久未等到她的回話,陸薄年的心像是被人拿著針狠狠的紮了一下,血水順著針孔流出來,蔓延到四肢百骸,此時的他,竟然連疼都感受不到了。
“很難回答?”陸薄年輕聲的說,整個身體軟綿綿的,猶如踩在了棉花上麵。
夏暖驟然回神,她用力的呼吸著新鮮的氧氣,艱難的蠕動一下喉嚨說:“我——”
不是她不回答,因為根本回答不了好吧。
當年因為她孕期營養嚴重缺乏,再加上生淩小寶的時候身體受創,醫生判定她以後根本無法要二胎。
所以她根本不敢奢求再會有孩子。
而且醫生也曾經告訴她,想要治好淩小寶身上的病,也隻有讓她再次懷孕,然後從胎兒裏提取臍帶血,注入淩小寶的身體,產生新的造血功能。
一想到這些都不可能再完成,夏暖心疼的幾乎無法呼吸。
若在以前,她隻是覺得麵前隻是一道屏障,隻要她爬的高一點,越過那個屏障,就能跨過去。

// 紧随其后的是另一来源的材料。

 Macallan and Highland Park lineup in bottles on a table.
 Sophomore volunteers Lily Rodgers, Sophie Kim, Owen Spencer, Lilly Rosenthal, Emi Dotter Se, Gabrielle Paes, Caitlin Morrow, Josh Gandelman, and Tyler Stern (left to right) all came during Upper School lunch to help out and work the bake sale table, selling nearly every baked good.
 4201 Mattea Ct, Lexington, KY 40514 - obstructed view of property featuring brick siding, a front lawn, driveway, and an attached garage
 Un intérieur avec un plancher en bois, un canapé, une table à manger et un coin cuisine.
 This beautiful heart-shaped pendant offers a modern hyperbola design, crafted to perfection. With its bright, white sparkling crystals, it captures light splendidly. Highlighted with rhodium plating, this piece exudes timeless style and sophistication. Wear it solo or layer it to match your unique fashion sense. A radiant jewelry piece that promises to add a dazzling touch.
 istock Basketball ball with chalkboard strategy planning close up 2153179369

可是現在,她卻發現那道屏障太高,高的她一眼望不到盡頭。
她捂著臉,任由淚水從指縫間裏流出來,灑落在車裏的真皮坐墊上。
明明已經進入春天,可是夏暖卻覺得通體冰冷,凍的她直打冷戰。
“陸薄年,放過我吧,我們這樣彼此折磨,根本不會有好結果。”夏暖閉上眼睛,忍不住說。
陸薄年冷笑一聲說:“放了你?在你親手殺死我們的孩子時,你叫我如何放過你?那是一條生命,一條鮮活的生命!!!”

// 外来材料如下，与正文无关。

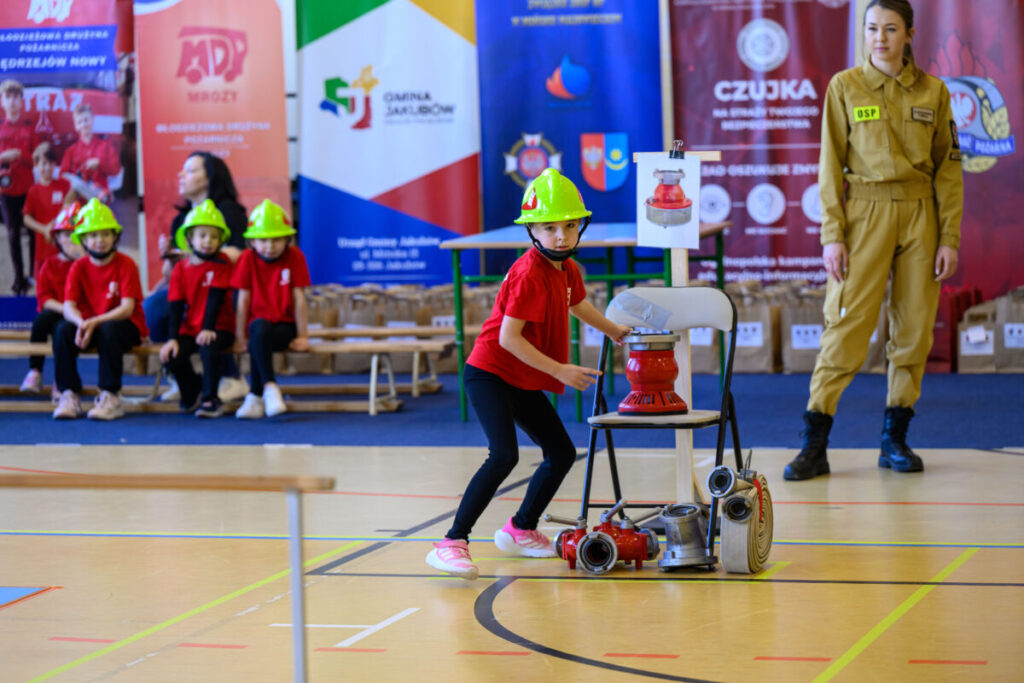 Dziecko w zielonym hełmie i czerwonej koszulce przy sprzęcie strażackim. W tle kolorowe bannery. Boisko sportowe.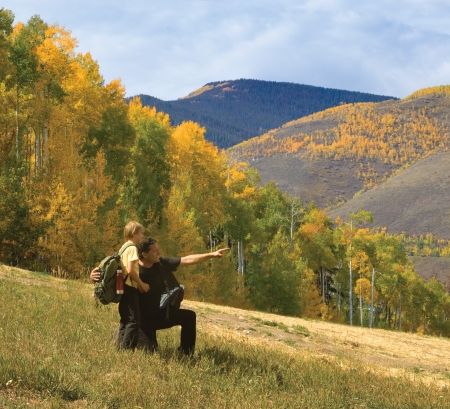 Father and son on a hike in the Rocky Mountains during autumnの写真素材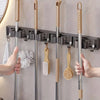 Wall-mounted metal holder for mop and broom with detachable hooks and wooden handles
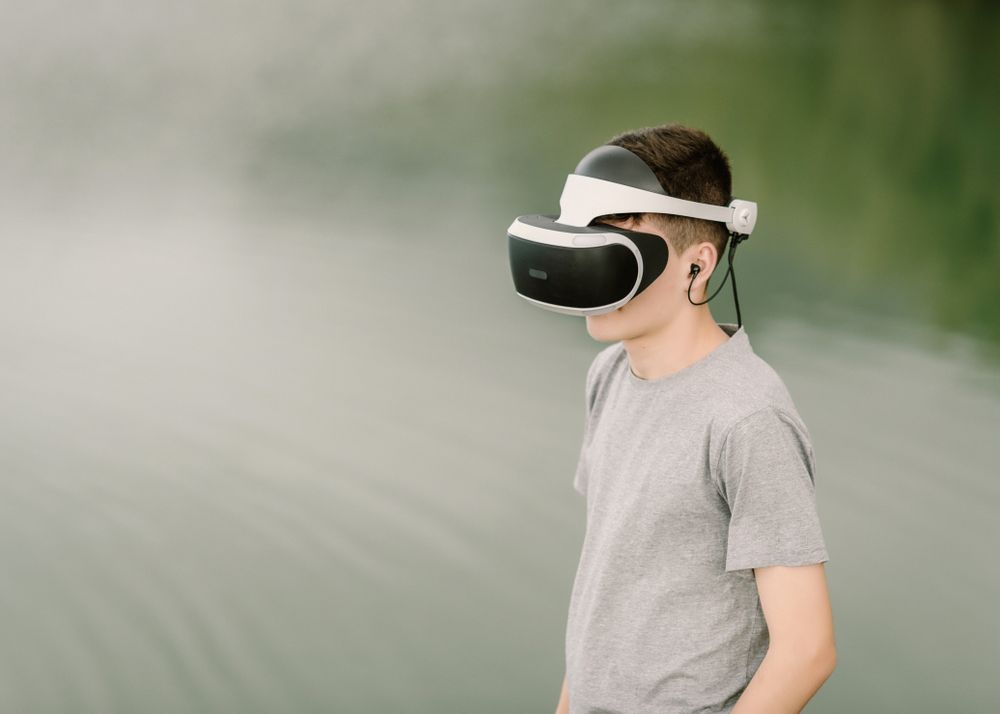 Young teenager with virtual reality glasses outdoors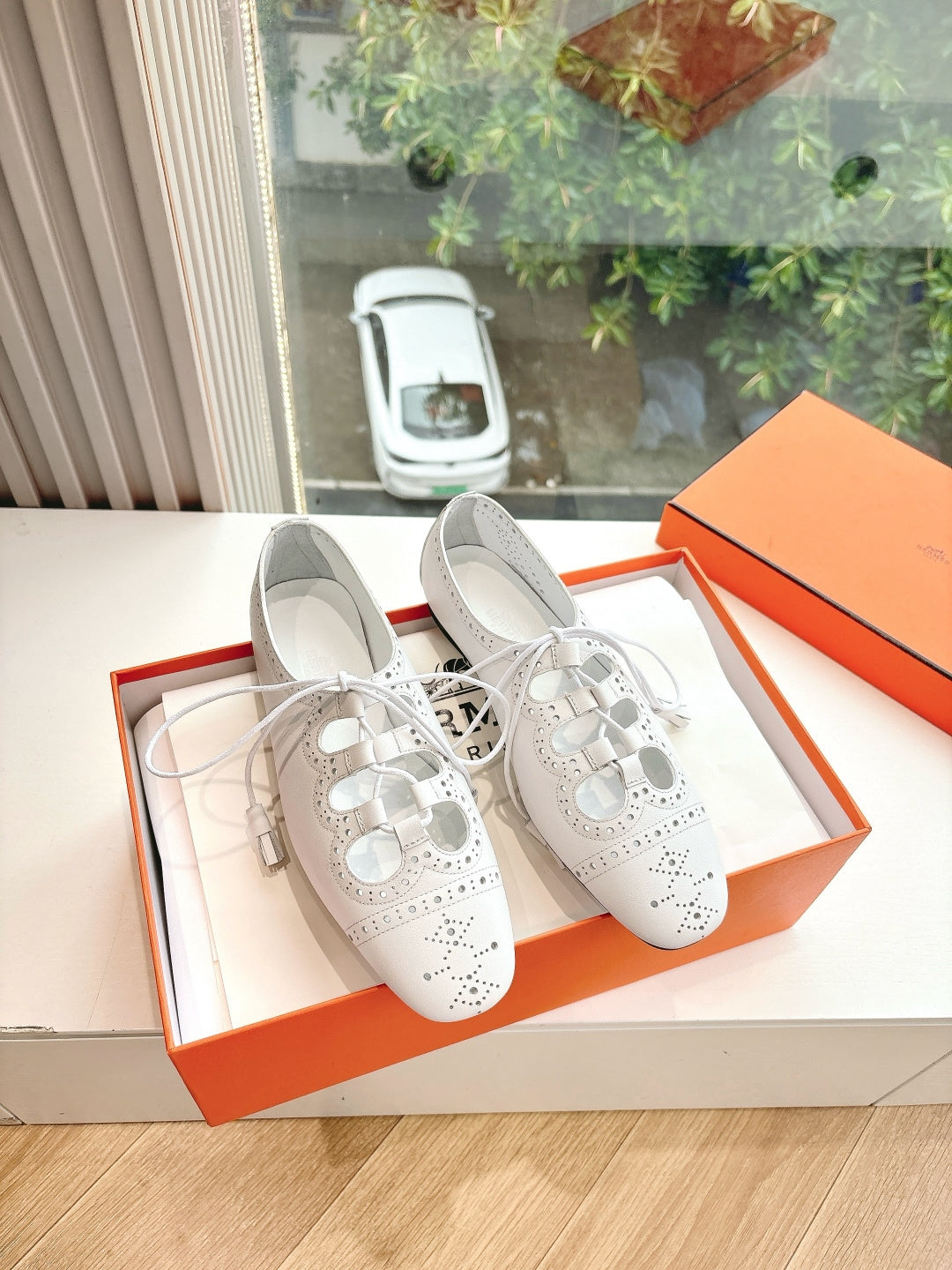 Hermes ladies white perforated lace-up shoes with black sole and detailed brogue styling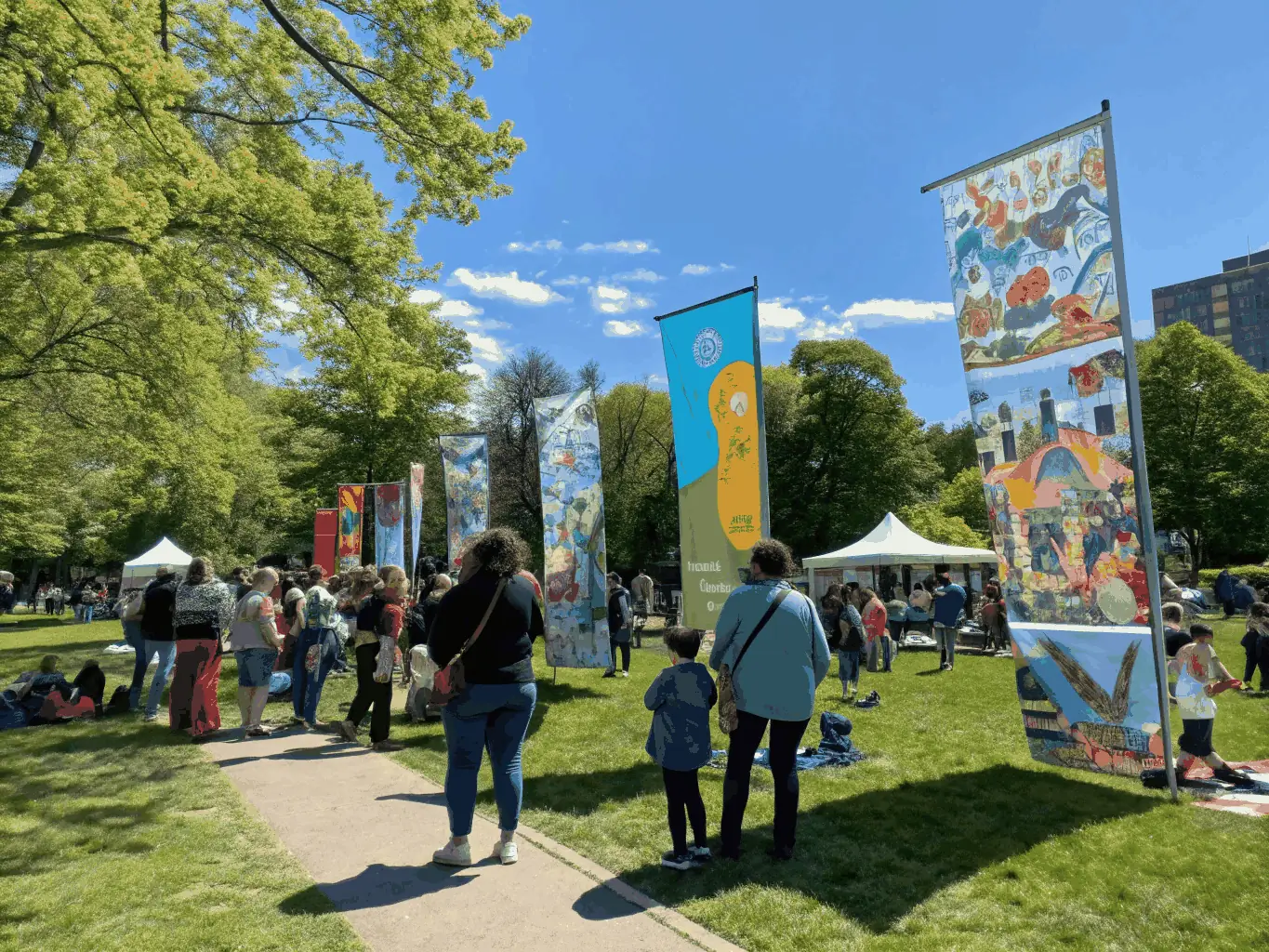 A community gathering in an outdoor cultural event with diverse participants engaging in activities, illustrating CASHEW PRODUCTION's commitment to cultural diffusion and community engagement.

自從他的生命力打下屬於夏暖的烙印之後,他全部世界的重心就刻上了夏暖二字。
每當他半夜疼的睡不著的時候,他就將夏暖拿出來對話。
明知道她聽不見看不著摸不到,但是陸薄年就是固執的可怕!
夏暖徹底不知道該說什麽好了,收拾好身體之後,看都沒看陸薄年一眼,直接下了車,走到路邊那裏打車。
陸薄年冷漠的看著夏暖的動作,並未出手阻攔。
在夏暖跳進一輛出租車離開之後,陸薄年從口袋裏摸出煙盒,抽了一根煙,放在口中抽了起來。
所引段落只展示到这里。